По вечерам в будни десяток из них приходит
на молитву. Это и отдушина, и надежда на вознаграждение. Абстрактная вера
в Создателя присуща восточным людям в целом, а нашим уголовникам – в частности.
Правда, в нашем отделении она настолько трансцендентна, что на быт ее носителей
никак не распространяется.
По субботам они и утром собираются. Тогда
с воли раввин к нам приходит и читает по свитку Торы еженедельную главу.
Слушают и даже встают во время молитвы. А засим все обычное: нарды, телевизор
и разговоры на странном наречии. Их говор нельзя назвать ивритом или Священным
Языком. Количество арабских инфернальных и сленговых слов существенно превосходит
число используемых с ошибками библейских корней.
На восемьдесят человек, треть из коих составляют
арабы, приходится всегда два или три серьезно относящихся к обрядности.
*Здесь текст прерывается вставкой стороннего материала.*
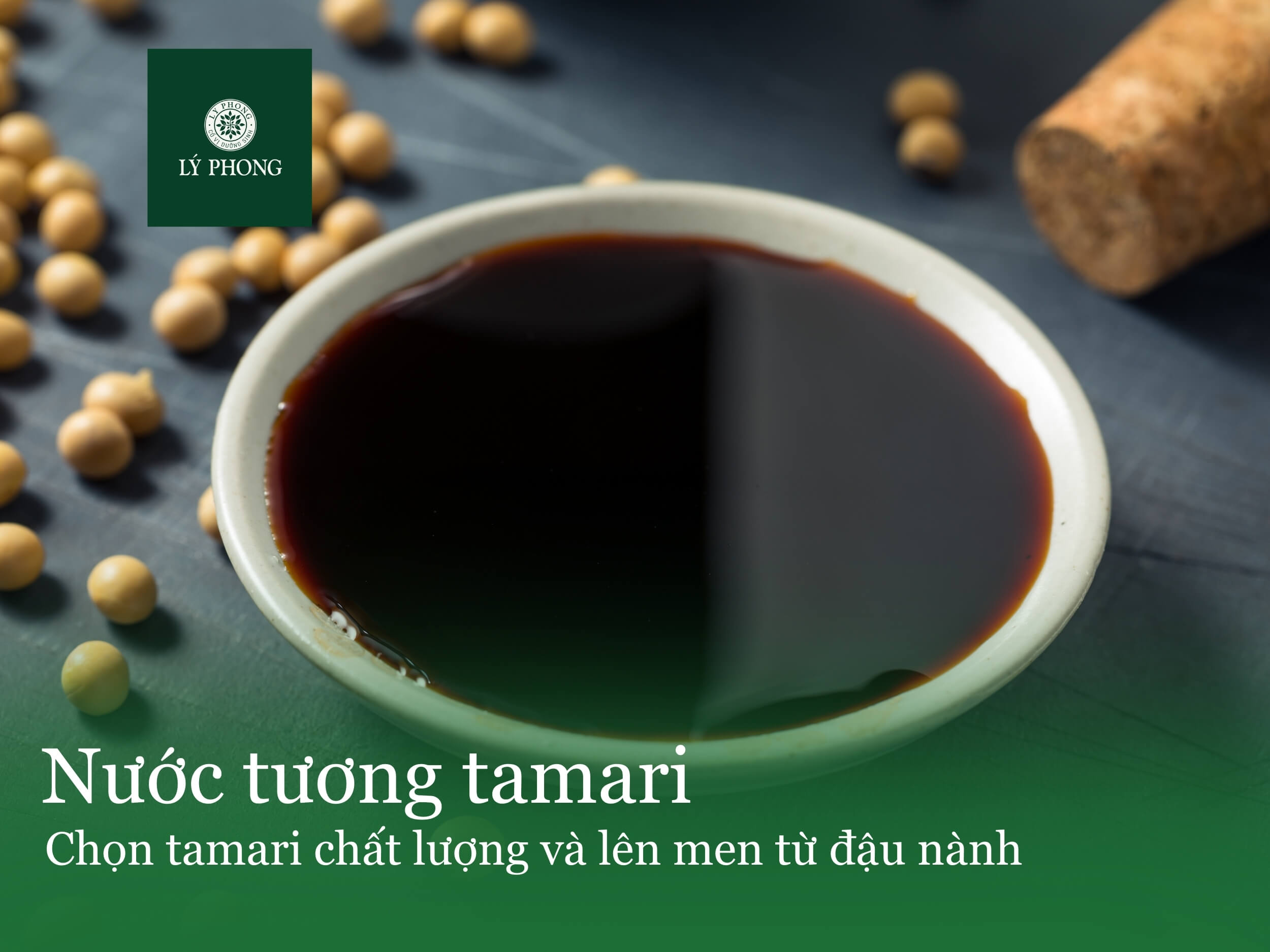 Chuẩn bị nước tương tamari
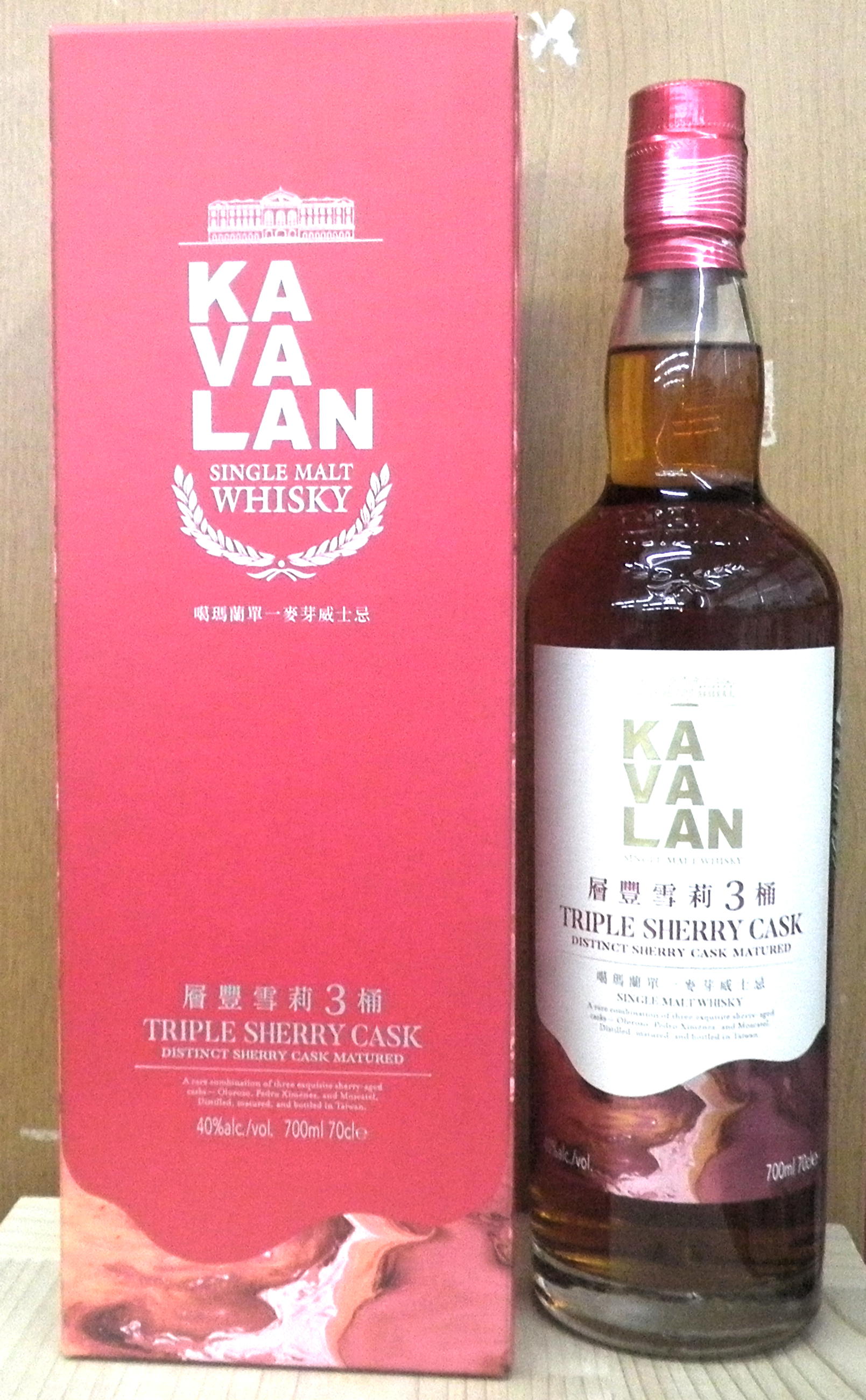 楽天市場】カバラン トリプル シェリー カスク シングルモルト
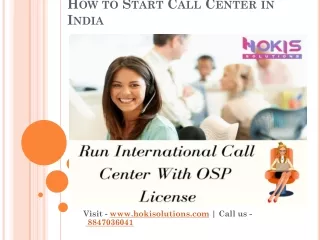 Apply Call Center License in India | Document's Required to Start KPO/BPO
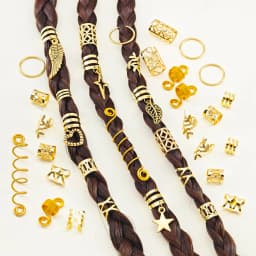 70Pcs Alloy Mixed Style Hair Ring Set Of Hair Accessories DIY Dreadlock Boho Style For Women Music festival party(Valentine'Day)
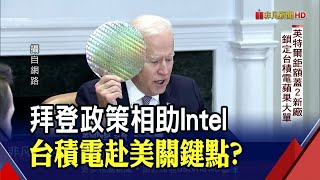 拜登政策相助英特爾！台積電赴美成本增6成...不得不去關鍵因素？｜非凡財經新聞｜20210513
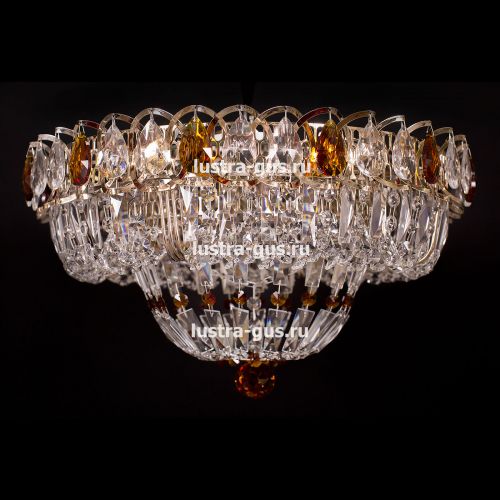 Люстра Кольцо Классика Пластинка цветная в Самаре Гусь Хрустальный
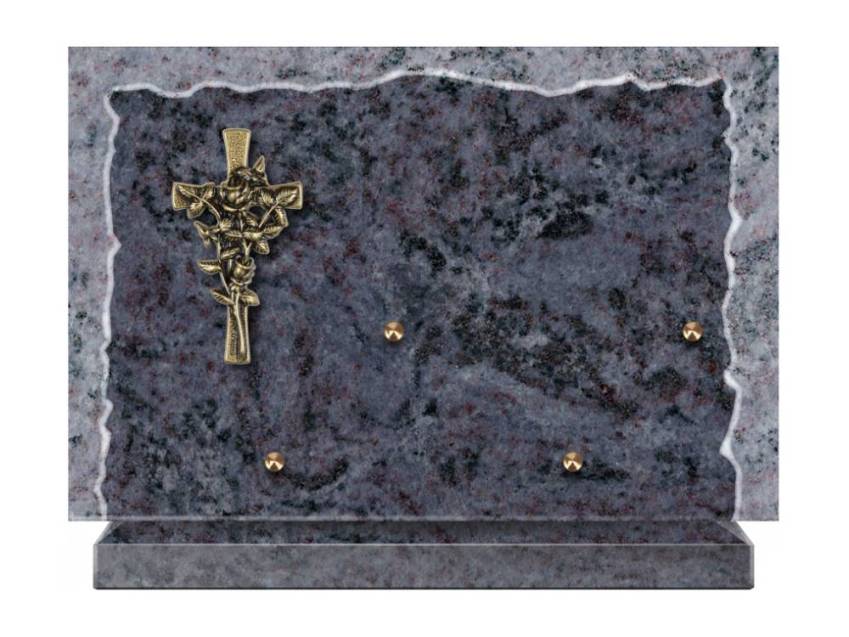 Artistic Granite Rectangle Plaque.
Бывало, приводили интеллигентных людей, но те всегда на совсем короткие
сроки.
Самым большим успехом в моей религиозной просветительской
деятельности стал украинский парень Сашка Степаненко. Его истинно одолевали
глубинные вопросы веры. Последние пару месяцев своего пребывания он ежедневно
заходил ко мне. Вот и вышло, что в тюрьме веру обрел, без формы ясной пока
и без обрядов каких-либо, но веру живую.
Тюремные власти разрешили сидеть мне в комнате
с книгами с семи утра до одиннадцати вечера. Выходит, в камере провожу
не более восьми часов в день. Очень помогает использование затычек для
ушей. Они существенно способствовали моему написанию непростого богословского
труда на псалмы Давида.
Однако в одиночной камере творческий и духовный
КПД еще выше. Там тебя совсем никто не отвлекает. В таких условиях я находился
всего два месяца, когда был под следствием. А тут вот слабость проявил
и согласился на общую зону, где свободный доступ к платному телефону, чего
нет в одиночке.
Рассказывают про сидящих в одиночке по делу
убийства Рабина Игаля Амира, его брата Хагая и Дрора Адани, что те за шесть
с половиной лет одиночки не только всю библейскую и талмудическую классику
одолели, но и в тайноведении продвинулись до невиданных высот. А Игаль
Амир и русскую классику успел освоить.
Вот и думаю я, не стоило ли настоять на одиночке?
Завел было с начальством разговор, но мне резко ответили, что сразу надо
было просить, а то вот сидеть мне осталось всего девять месяцев, поэтому
менять ничего не будут. Девять месяцев, говорят, – это совсем немного.
Я и сам так думаю. Успею ли еще одну книгу написать?